Statistics Without a Calculator
A working knowledge of statistics should be in the skills toolbox of any data scientist. However, most of the methods require a computer or at least a scientific calculator to compute. Or do they? Here is one broadly applicable "trick" I use to estimate whether results of an A/B test are significant that can be estimated in your head.
The setup
Often, when running an A/B test we are comparing the number of successful outcomes between two groups. These could be Ad clicks, conversions, signups, downloads, etc. Often these data are presented something like this:
where "attempts" is the number of users shown a treatment and "success" is the count of our desired outcome. Treatment B was only shown about 10% as often as treatment A and shows a lift of almost 9%. However, the number of "success" for treatment B is small - only 275 events. So the question becomes: is treatment B actually better or could this result have occurred by chance?

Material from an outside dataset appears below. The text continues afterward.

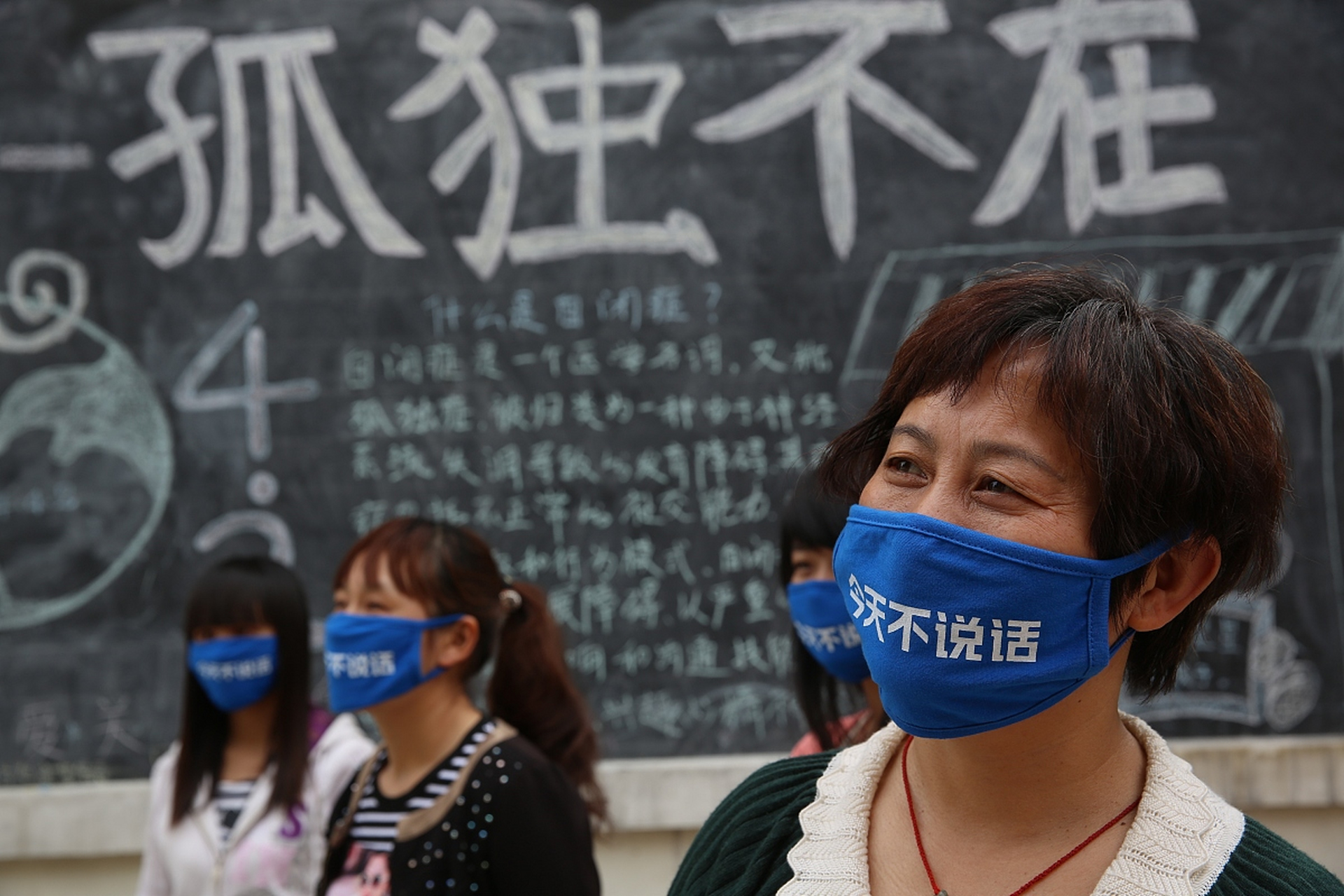 而是一言难尽  争吵是为了 走近 而沉默是因为 走尽  后来发现 不说话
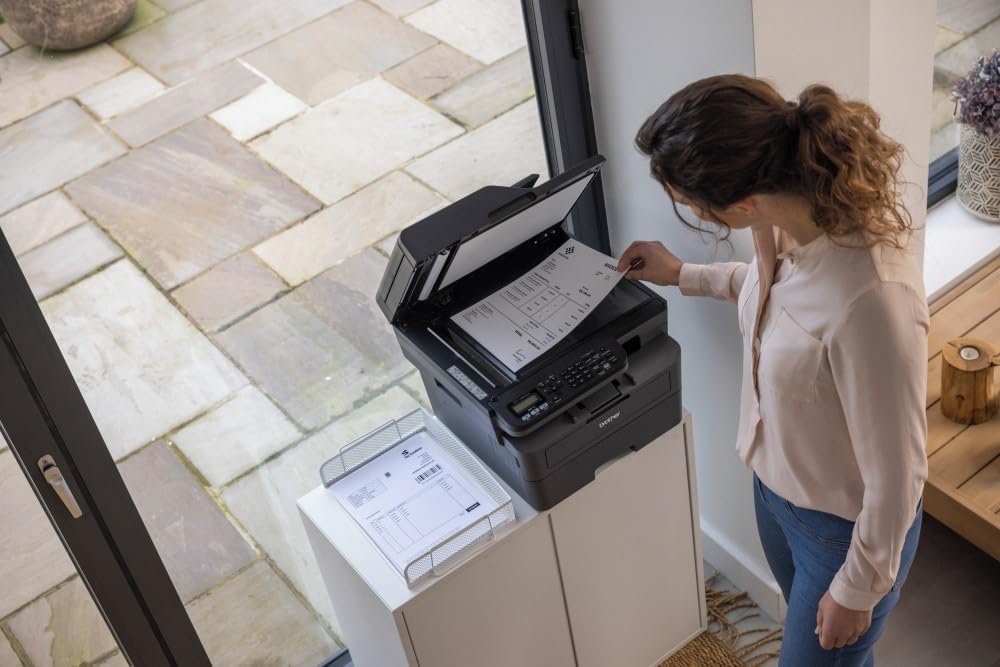 Brother MFC-L2835DW | Stampante multifunzione 4-in-1 (stampa/scansione/copia/fax) Laser monocromatica – Wi-Fi ed Ethernet – Alimentatore automatico documenti (ADF) da 50 fogli – Velocità di stampa di 32 pagine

Edit: I realized there is a much bigger application - Year over year statistics. Some examples: "Incidents of crime spiked 30% from 10 last year to 13 this year." You can use this trick the same way.
The trick
The statistical test to determine if treatment B is better than A is relatively straight forward. You can, for example use a test based on the Binomial Distribution, but this math is not easy. Notice that of all the raw counts, the 275 "successes" in treatment B is by far the smallest. This means that most of our uncertainty comes from this count. Under some reasonable assumptions we can say that the uncertainty in this value is about equal to its square root. Put another way, if we were to rerun this experiment many times, the standard deviation in the "275" value is about sqrt(275). This means that our relative error is sqrt(275)/275 or about 6%
What does this mean?
It means that our uncertainty is on the order of 6%. Can we therefore conclude that treatment B's observed lift of 8.66% is real? Probably not. To be reasonably sure that the effect is real, the magnitude of the effect should be at least 2 x the magnitude of the uncertainty. The conclusion should probably be: "gather more data to decrease the uncertainty" or perhaps "we are pretty sure the actual lift is less than 12%.
Here's a quick table for noise estimate, sqrt(N)/N:
N noise estimate
10 31%
30 18%
100 10%
300 6%
1,000 3.1%
3,000 1.8%
10,000 1%
So if anyone claims that based on 1,000 observations, they believe there is a 2.5% change in behavior, you can instantly know that this could just as well have been noise.
Summary
Here are the steps to estimate whether your results are significant:
- Find the biggest source of variability (ie the smallest number)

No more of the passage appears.